Copy the entries exactly. Their pictures do not belong in the copy.

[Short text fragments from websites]
━━━━━━━━━━━━━━━━━━━━
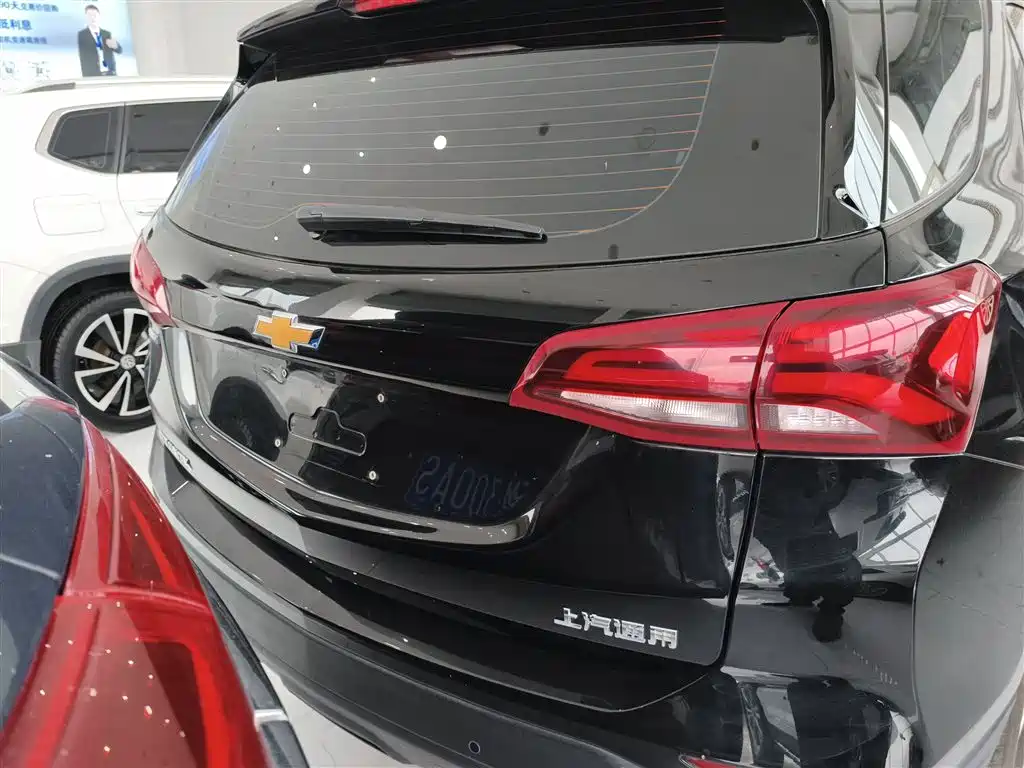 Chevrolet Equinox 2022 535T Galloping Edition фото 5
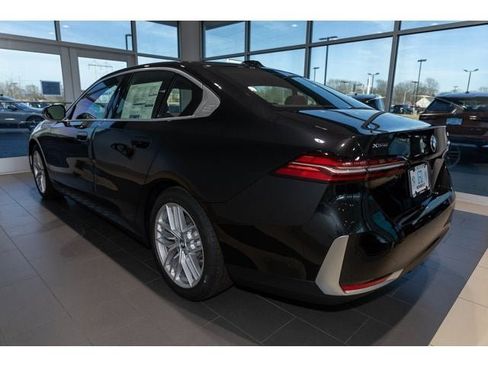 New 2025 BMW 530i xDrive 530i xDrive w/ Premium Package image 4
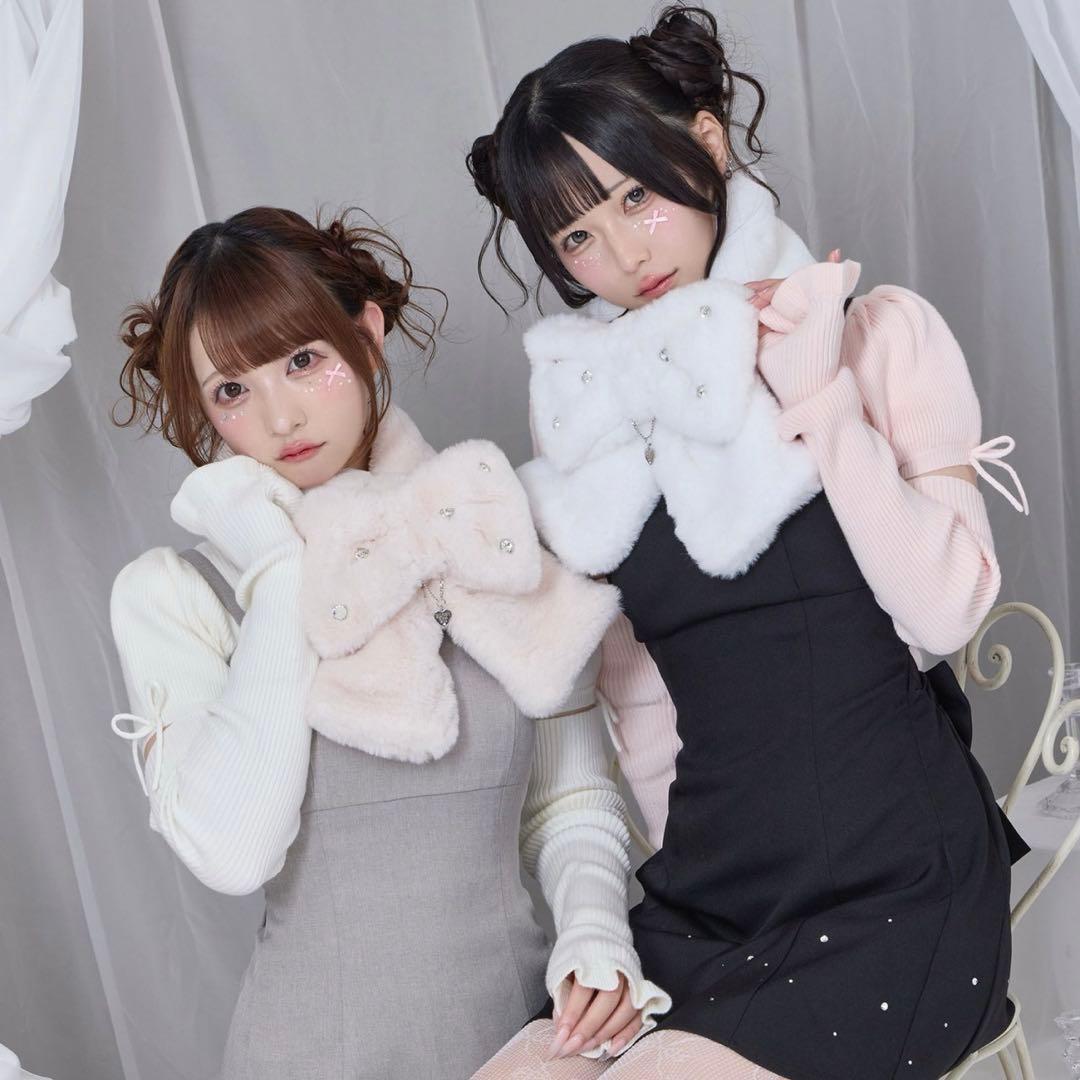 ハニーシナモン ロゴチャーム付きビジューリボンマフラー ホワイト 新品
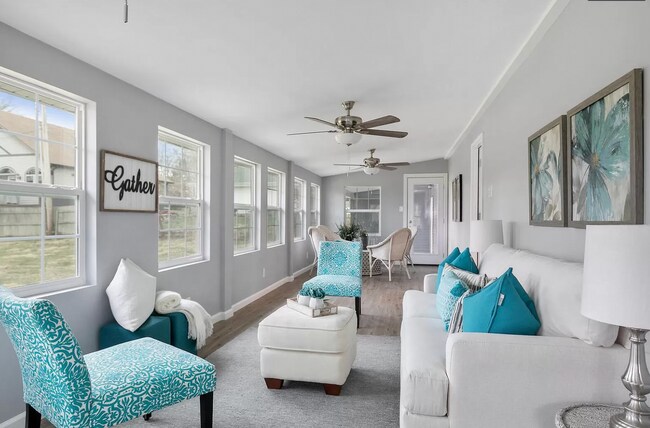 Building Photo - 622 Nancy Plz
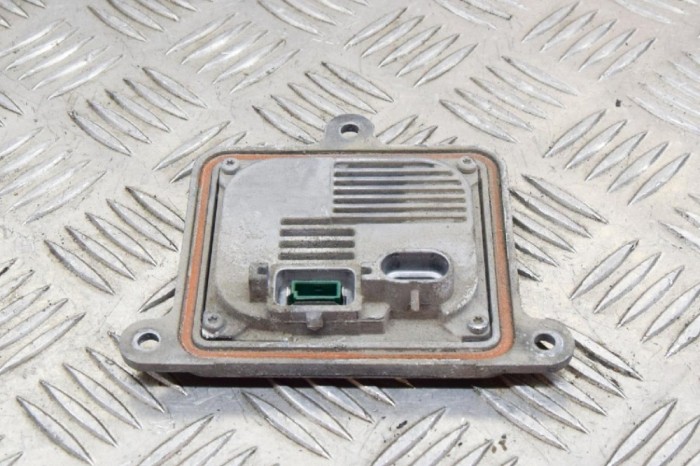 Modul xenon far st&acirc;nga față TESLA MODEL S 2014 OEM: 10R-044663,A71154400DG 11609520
━━━━━━━━━━━━━━━━━━━━
## Written response
 Chevrolet Equinox 2022 535T Galloping Edition фото 5
 New 2025 BMW 530i xDrive 530i xDrive w/ Premium Package image 4
 ハニーシナモン ロゴチャーム付きビジューリボンマフラー ホワイト 新品
 Building Photo - 622 Nancy Plz
 Modul xenon far st&acirc;nga față TESLA MODEL S 2014 OEM: 10R-044663,A71154400DG 11609520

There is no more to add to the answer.